Ich möchte Sie daher dringend anregen, sich im Rahmen des Rates für deutsche Rechtschreibung mit elektronischen Korrekturhilfen im Allgemeinen und insbesondere mit den Auswirkungen der fehlerhaften Rechtschreibkorrektur in Microsoft Word zu befassen. Zudem könnten Sie über die Kultusministerkonferenz in Deutschland bzw. das Bildungsministerium in Österreich und die Schweizerische Konferenz der kantonalen Erziehungsdirektoren den Konzern Microsoft auffordern, dass in den deutschsprachigen Produkten des Unternehmens raschestmöglich eine korrekte Behandlung der Zusammenschreibung implementiert wird.
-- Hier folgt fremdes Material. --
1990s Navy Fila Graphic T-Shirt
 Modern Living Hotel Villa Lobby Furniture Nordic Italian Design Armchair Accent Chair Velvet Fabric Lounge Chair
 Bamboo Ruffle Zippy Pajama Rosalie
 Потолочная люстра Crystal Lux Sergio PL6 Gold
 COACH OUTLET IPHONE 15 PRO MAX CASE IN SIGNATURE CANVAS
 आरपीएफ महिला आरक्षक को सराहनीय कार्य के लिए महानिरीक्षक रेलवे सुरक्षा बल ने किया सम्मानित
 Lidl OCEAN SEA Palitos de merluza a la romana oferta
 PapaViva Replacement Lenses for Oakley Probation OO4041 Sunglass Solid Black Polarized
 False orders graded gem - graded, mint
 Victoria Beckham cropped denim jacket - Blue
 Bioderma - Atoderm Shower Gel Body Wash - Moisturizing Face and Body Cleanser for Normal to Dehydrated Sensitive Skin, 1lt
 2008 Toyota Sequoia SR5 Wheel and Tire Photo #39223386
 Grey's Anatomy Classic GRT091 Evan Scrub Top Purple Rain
Notfalls auch mit wirtschaftlichem Druck: Es gibt durchaus Konkurrenzunternehmen von Microsoft, die die Rechtschreibprüfung ihrer Produkte besser im Griff haben, und die genau so gut massenhaft an von der öffentlichen Hand finanzierten Schulen und Hochschulen verbreitet werden könnten.
Daher wiederhole ich an dieser Stelle den Betreff meines Schreibens: Lassen Sie nicht wieder Jahrzehnte untätig in die Lande ziehen. Tun Sie endlich etwas gegen die digitale Sabotage der deutschen Rechtschreibung!